Au fil de la nuit, tout s’est mélangé à tel point que je ne sais plus qui a trempé sa nouille, dégorgé son poireau, arrosé le persil ou servi de la crème d’asperges. Je me souviens juste qu’à un moment, un des protagonistes a trempé son biscuit pour finir par prendre un abricot à la cuillère, sans se démonter il a même posé une pèche sur la table pour ensuite la répandre sur une pauvre tarte à l’estime de soi inexistante. J’ai compris après que ce n’était pas de la tarte mais une quiche sucrée-salée, pas de quoi rougir comme une tomate mais l’anecdote était à la fois assez croustillantes et piquantes pour être relevées.
The Hunger Games
Je dirais qu’une fois qu’on a vu une dinde être prise en sandwich, après qu’un mec ai lâché la purée sur les miches de pain de son assistante, on a tout vu. Et croyez-moi, c’était gratiné ensuite pour rattraper le tout. Une des émissions montrait un magnifique barbecue au Texas et une fois la viande sur le grill, ils envoyaient la sauce sur des cuisses généreuses alignées en rang d’oignons, ils ont tous fini dans un état proche du Mississippi.
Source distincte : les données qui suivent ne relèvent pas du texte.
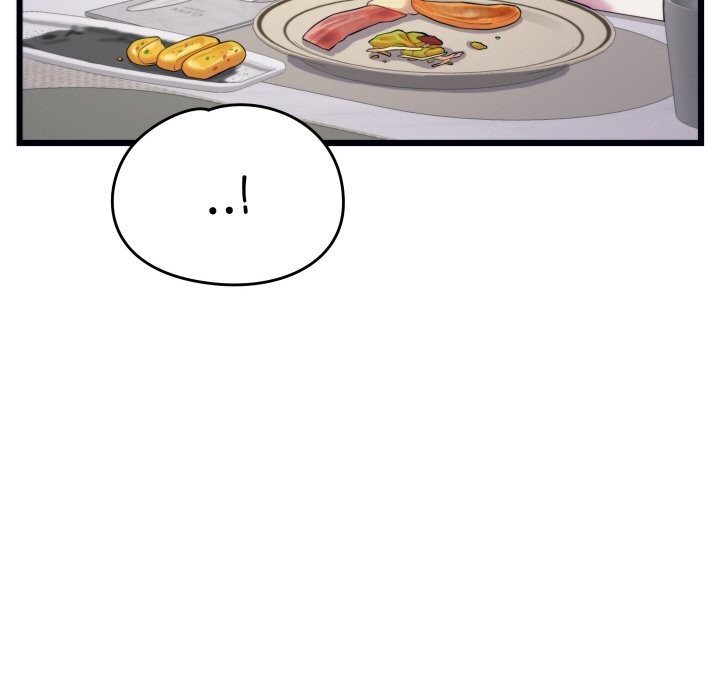 少爺的替身第8話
J’en conviens, c’était parfois assez cru. Je ne vais pas vous raconter des salades, mais par moment, certaines se faisaient bien assaisonner avec une petite vinaigrette qui contenait juste ce qu’il faut de salace et poivre.
Vous l’aurez compris, ces jours-ci je suis un régime amaigrissant draconien, donc tout me fait envie et me fait saliver, dites vous qu’écrire tout ça n’était pas du gâteau, voir toutes ces tentations est vite devenu obscène, un vrai petit plaisir coupable et solitaire. Oui, quand on est à la diète, regarder des émissions culinaires devient pornographique. Bref j’ai passé une nuit à regarder Cuisine Tv.